The process of cell division is an intricate dance of molecular machinery that has fascinated researchers for hundreds of years. Advances in microscopy have had a huge impact on the field, from its humble beginnings observing metaphase chromosomes under the light microscope, to more sophisticated technologies today that can ask questions at the molecular level. Research into the cell cycle has also been highly rewarded, with the 2001 Nobel Prize in Physiology/Medicine being awarded to Tim Hunt, Paul Nurse and Leland Hartwell for their joint discovery of cyclins and cyclin-dependent kinases: the key regulators of the cell cycle [6]. However, despite our progress, many questions still remain.

How do cells promote faithful chromosome segregation in mitosis?

While there is only one way for mitosis to go right, there are many ways for it to go wrong. For example, in early mitosis, if there are incorrect contacts between microtubules and chromosomes, chromosomes can become misaligned, which can lead to incorrect segregation of sister chromatids. In late mitosis, how is the cell certain that the time is right to perform cytokinesis? The chromosome passenger complex (CPC) is a molecular guardian angel that acts at many stages of mitosis to safeguard the fidelity of the process. At the start of mitosis, the CPC localizes all over the chromosomes and acts to modify chromatin, during mitosis it moves to the chromosome centromeres to prevent incorrect microtubule attachments and before cytokinesis the CPC finds its way to the central spindle. Therefore, a question of ongoing research is how does the CPC elegantly re-localize throughout mitosis to save the day?

Further reading 

Vader, G., Medema, R. H., & Lens, S. M. (2006). The chromosomal passenger complex: guiding Aurora-B through mitosis. The Journal of cell biology, 173(6), 833-837.
Kabeche, L., Nguyen, H. D., Buisson, R., & Zou, L. (2018). A mitosis-specific and R loop–driven ATR pathway promotes faithful chromosome segregation. Science, 359(6371), 108-114.

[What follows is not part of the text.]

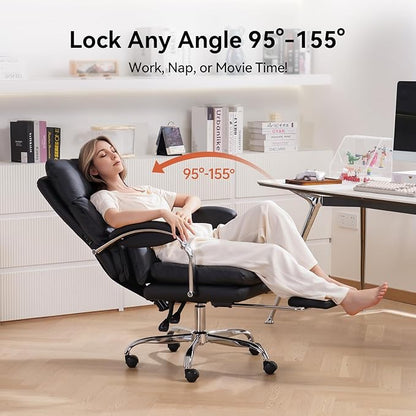 LEAGOO Heated Massage Office Chair with Foot Rest, Reclining Ergonomic Executive Office Chair with Massager for Lower Back, High Back PU Leather Comfy Heated Computer Desk Chair with Arms, Black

How are homologous chromosomes held together, and then separated in meiosis I?

You might remember from above that it is the protein cohesin that holds together sister chromatids in metaphase of mitosis and metaphase II of meiosis. However, in meiosis I homologous chromosomes must be held together in metaphase I, before these ties are swiftly broken during anaphase I. This feat is performed by a miraculous cellular zipper called the synaptonemal complex (SC). This zipper must be strong enough to hold chromosomes together, but it must also be disassembled equally efficiently, otherwise homologous chromosomes will not accurately segregate in anaphase I, leading to a potentially disastrous genetic inequality in the daughter cells. How exactly this zipper disassembles is a hot topic of research.

Further reading 

Argunhan, B., Tsubouchi, T., & Tsubouchi, H. (2018). Polo is not solo in meiosis. Cell Cycle, 17(3), 273-274.
Gao, J., & Colaiácovo, M. P. (2017). Zipping and unzipping: protein modifications regulating synaptonemal complex dynamics. Trends in Genetics.

1)Bennett, M. D. (1977). The time and duration of meiosis. Phil. Trans. R. Soc. Lond. B, 277(955), 201-226.
2)Jett, J. H. (2015). How long does it take a cell to divide? Cytometry Part A, 87(5), 383-384.
3)Brewer, B. J., Chlebowicz-Sledziewska, E., & Fangman, W. L. (1984). Cell cycle phases in the unequal mother/daughter cell cycles of Saccharomyces cerevisiae. Molecular and cellular biology, 4(11), 2529-2531.
4)Clift, D., & Schuh, M. (2013). Restarting life: fertilization and the transition from meiosis to mitosis. Nature reviews Molecular cell biology, 14(9), 549.
5)Paweletz, N. (2001). Walther Flemming: pioneer of mitosis research. Nature Reviews Molecular Cell Biology, 2(1), 72.
6)Nurse, P. M. (2002). Nobel Lecture: Cyclin dependent kinases and cell cycle control. Bioscience reports, 22(5), 487-499.